Counting Lines of Code

What is the average number of lines of code in your projects files? Yes, but which average?

Introduction

When monitoring the health of a codebase, one smell is file size. Excessive file size may indicate, for example, breach of the Single Responsibility principle of SOLID. So it is tempting to track the maximum file size over the hierarchy of the project.

Unfortunately, this strategy necessarily finds the outliers. The reason a file may be bloated is that it contains boilerplate in which case the tracking of this information is of no use to the developer. It is possible that small file size is also of interest. For example, books for learning C in the early 90s showed the wonders that could be achieved in only a single line of clever code. Unfortunately, all the synonyms for clever that should rather be used are too rude to repeat here.

So how to track meaningful statistics for the number of lines of code in a file (or a class, etc.)? By using Statistics! Specifically by reporting a confidence interval, i.e. the minimum and maximum values that the variable is expected to lie between with a particular probability. For example, a weather forecaster may state that there is a 90% chance that there will be between 2cm and 10cm of rain tomorrow.

Fitting a Probability Distribution

To calculate the confidence interval, the area under a probability distribution is integrated. It is known that the number of lines of code (LOC) in a file is a non-negative integer and it is expected that the value of LOC may be shared by some files and that between different values of LOC that are found in the project, there will be intermediate values that no file has. Thus, it can be deduced that a continuous probability distribution over the semi-infinite real line is required.

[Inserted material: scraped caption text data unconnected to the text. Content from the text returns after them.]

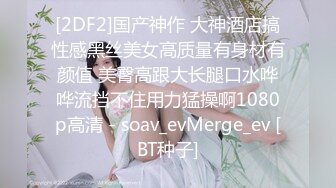 蘿莉好，蘿莉妙，蘿莉就是壹塊寶小主說，最喜歡我的屁股了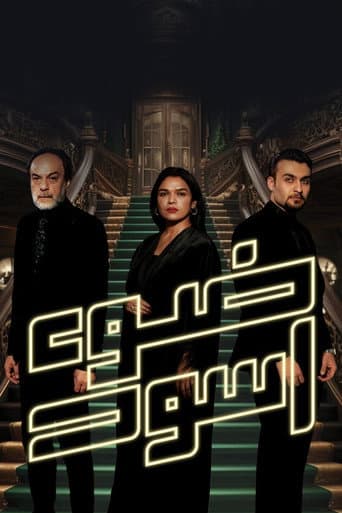 Poster de ضوء أسود
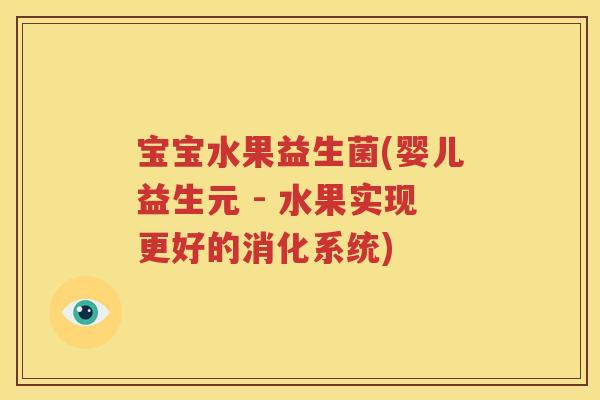 宝宝水果益生菌(婴儿益生元 - 水果实现更好的消化系统)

Things are much easier to assess by examining some data, for example the files from an ARM build of the Linux kernel 4.6. This comprises of 19912871 lines (just a basic count no filtering of blank lines / comments) in 42186 files, which gives a mean of 472 lines per file. The largest file contains 33510 lines. Chopping the interval from 0 to 34000 into 100 bins and counting the number of files that are sorted into each bin (the first bin contains a count of all files with between 1 and 340 lines). This constructs the following histogram:

Uniform bins

It's going to be hard to fit a curve given that it is so steep, so time to think again. Note that it looks like an exponential decay, also normally the number of lines is rounded to the nearest power of 10. So construct a histogram from a base 10 logarithm of the number of lines to produce the following:

log10(LOC) histogram

By taking the logarithm, the semi-infinite real line is mapped to the infinite real line, [0, +inf) => (-inf, +inf), and thus to a different class of probability distributions. The histogram looks very much like a normal (a.k.a. Gauss or bell curve) distribution. Denoting the original random variable as X and the new one as Y = log(X) then define the mean as Y_bar = sum(Y) / sum(1) and the variance as s^2 = sum( (Y -Y_bar)^2 ) / (sum(1) - 1) where the sum is taken over the files. The 90% confidence interval, for a normal distribution, can then be calculated as Y_bar +/- 1.645 * s, then take the exponential to return back to X = 10^Y.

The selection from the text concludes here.